- Assignment
Reproduce word for word the lines between the one containing "A group of young" and the end of the entries below, both inclusive; leave out pictures.

Pictures with short captions:
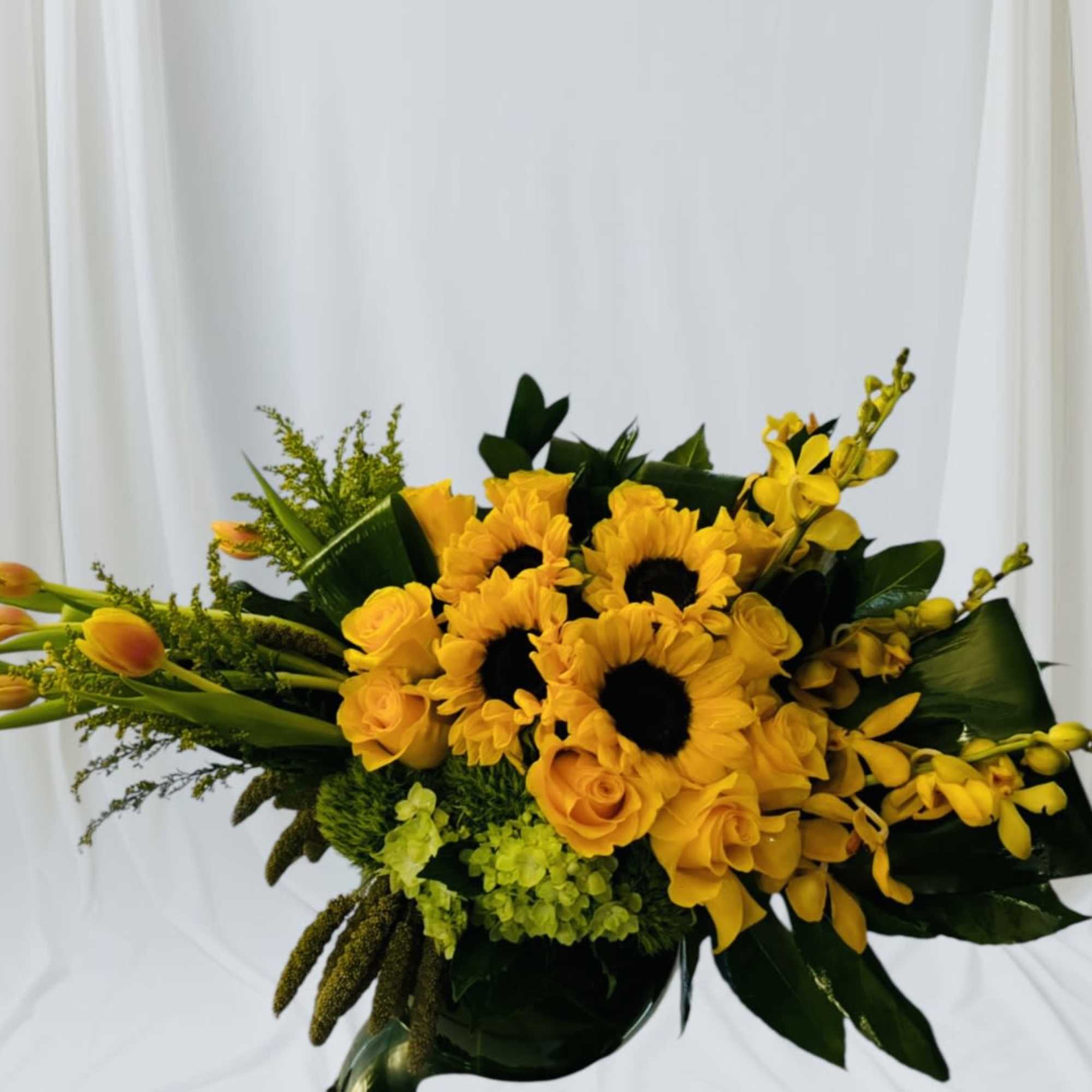 Yellow sunflower and rose bouquet with orchids in a vase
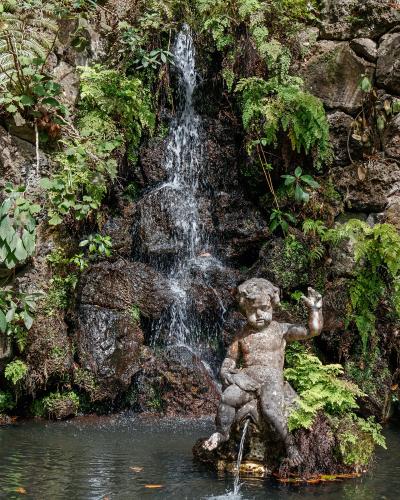 A stone statue of a seated cherub or child figure positioned in front of a small, cascading waterfall surrounded by lush ferns and tropical foliage.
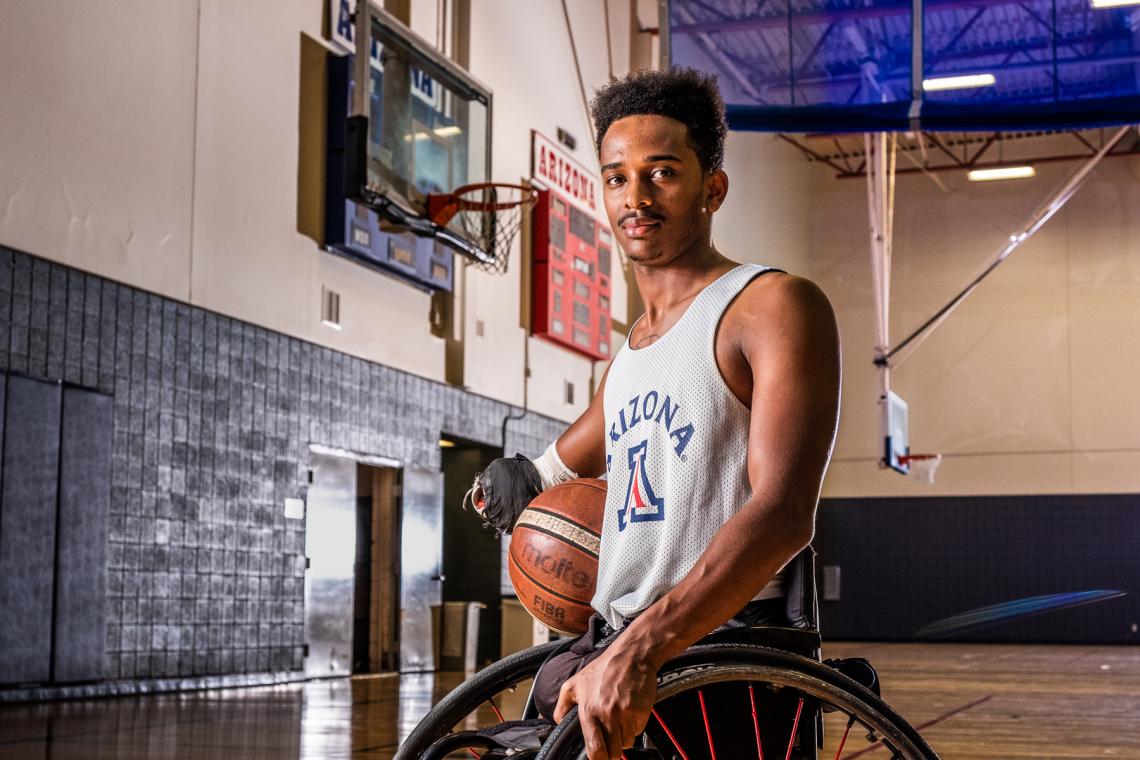Josh Brewer is one of the newest members of the UA Men's Wheelchair Basketball Team. After a tumultuous journey to where he is today, he's eager to begin life as Wildcat. Josh Brewer is one of the newest members of the UA Men's Wheelchair Basketball Team. After a tumultuous journey to where he is today, he's eager to begin life as Wildcat.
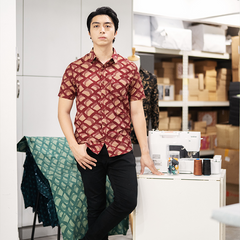 A men standing in front of sewing machine, wearing batik shirts in crimson nasi lemak by batik boutique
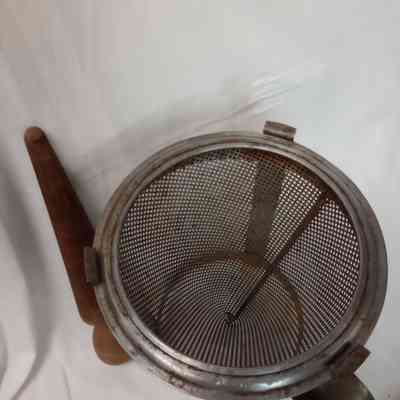 Metal strainer with wooden pestle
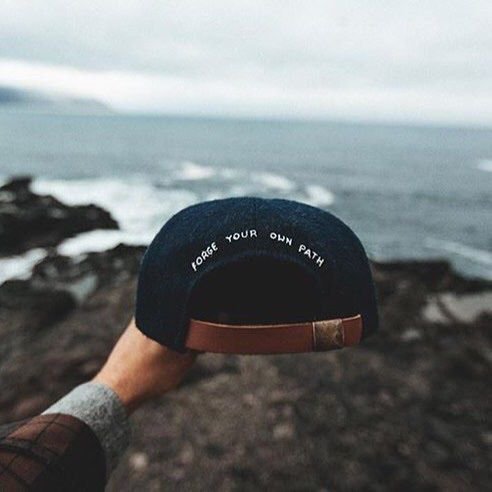 A hand holding up a dark navy baseball cap with the text 'FORGE YOUR OWN PATH' embroidered on the back, photographed against a coastal landscape with the ocean and rocky shore.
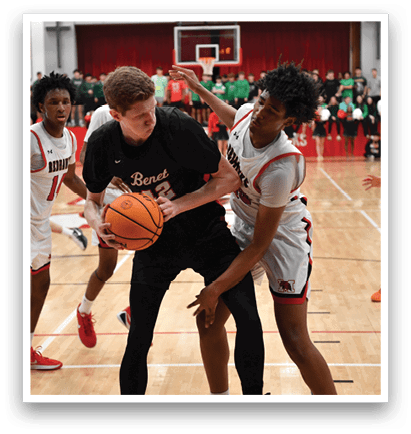 A group of young men playing basketball on a court. AI generated content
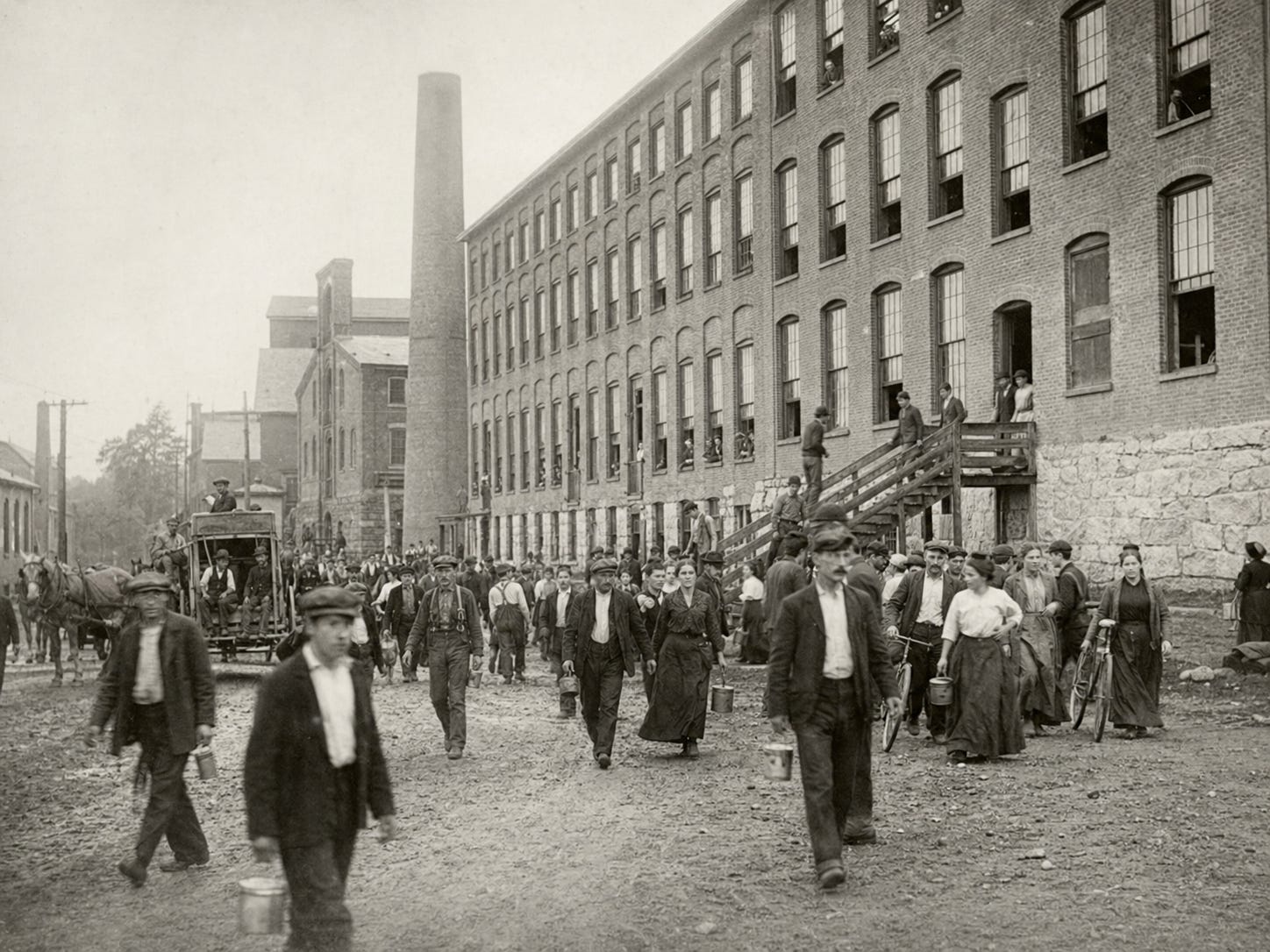 Mill workers stream past the brick factory buildings
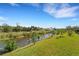 Scenic view of canal from backyard, offering tranquility at 1572 Nimbus Dr, North Port, FL 34287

- Output of the task
 A group of young men playing basketball on a court. AI generated content
 Mill workers stream past the brick factory buildings
 Scenic view of canal from backyard, offering tranquility at 1572 Nimbus Dr, North Port, FL 34287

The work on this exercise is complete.